Puget Sound Energy customers could save as much as $10 million per year after a Thurston County judge reversed part of the Bellevue-based company’s rate plan.
The state’s oldest and largest investor-owned electric and natural gas utility has to propose a rate plan for approval from the Washington Utilities and Transportation Commission (UTC).
The regulatory body approved PSE’s rate plan for 2013 – which included automatic rate increase for customers through 2017 at the company’s option – but it was challenged by customer advocates who worried rates could be unfairly calculated.
The state Attorney General’s Public Counsel Unit and the Industrial Customers of NW Utilities appealed UTC’s decision on behalf of customers.

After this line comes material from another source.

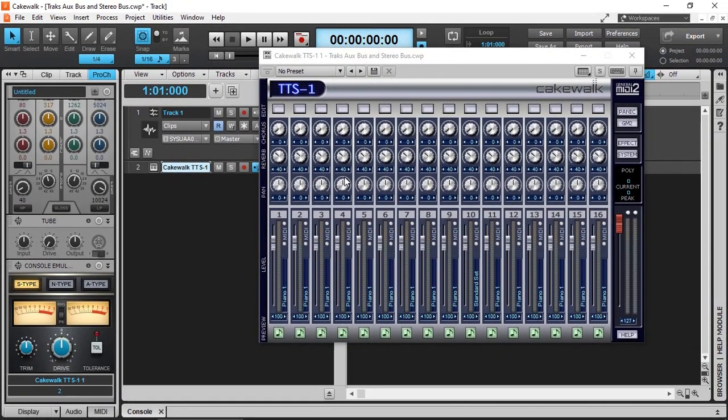Once the instrument track is created, the virtual instrument is also loaded, and we are ready to play on our MIDI controller keyboard and have a listen to the sounds.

“This is an important win for PSE’s ratepayers,” Attorney General Bob Ferguson said in a statement. “The court’s ruling will ensure that customers’ rates under the multiyear plan will be fairly calculated.”
Ferguson said the ruling could save residential and industrial customers as much as $10 million.
Thurston County Superior Court Judge Carol Murphy sent the plan back to the UTC to determine new rates, but denied a challenge that would have overturned automatic annual rate increases.
Kimberly Harris, PSE president and CEO, hosted a talk for the Puget Sound Business Journal’s Business
Journal Live series, where she spoke about making customers a priority for the company.
PSE this week received $3.8 million of a $14.3 million state grant for so-called “smart grid” technology intended to help state utilities better and more efficiently utilize solar and wind power.